After the 2008 municipal elections in Béziers, which saw Raymond Couderc, the outgoing senator-mayor, re-elected, Élie Aboud became his first deputy.

On February 5, 2013, during the National Assembly's debate on the bill to open marriage to same-sex couples, Élie Aboud referred to the pink triangle, replaced by a “black triangle”: “This is not the pink triangle referred to by a child psychiatrist, but a black triangle with the words ‘SOS Danger’ written on it”; this statement provoked the anger of Minister of Justice Christiane Taubira, who found it “unspeakable”.

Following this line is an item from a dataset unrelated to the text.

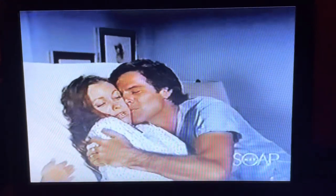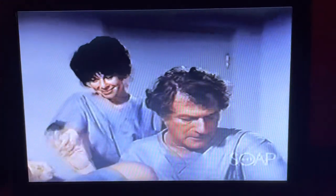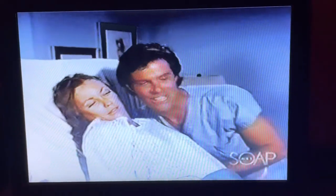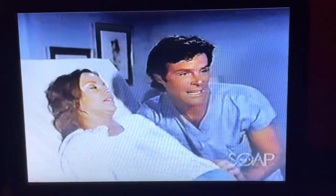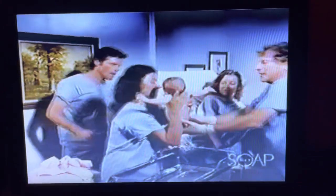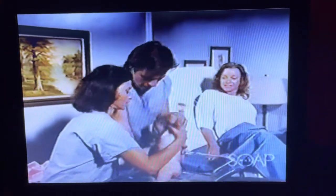I want to cut the cord. Is she okay? Well, she looks fine. She's doing very well. Jenny, you want to give your baby a bath? Come on over here.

On June 17, 2012, he lost his seat in the National Assembly to the socialist Dolorès Roqué, who won by 10 votes in a three-way race with the National Front. Following an appeal he lodged on the grounds that the margin of victory was too small, the election in the 6th constituency of Hérault was annulled. Élie Aboud then became a member of parliament again on December 16, 2012, after winning 61.91% of the vote against Dolorès Roqué.

On March 30, 2014, he lost the three-way race in the municipal elections in Béziers to Robert Ménard, who was supported at the time by the National Rally.

On January 30, 2016, he was elected president of the Hérault Republicans federation.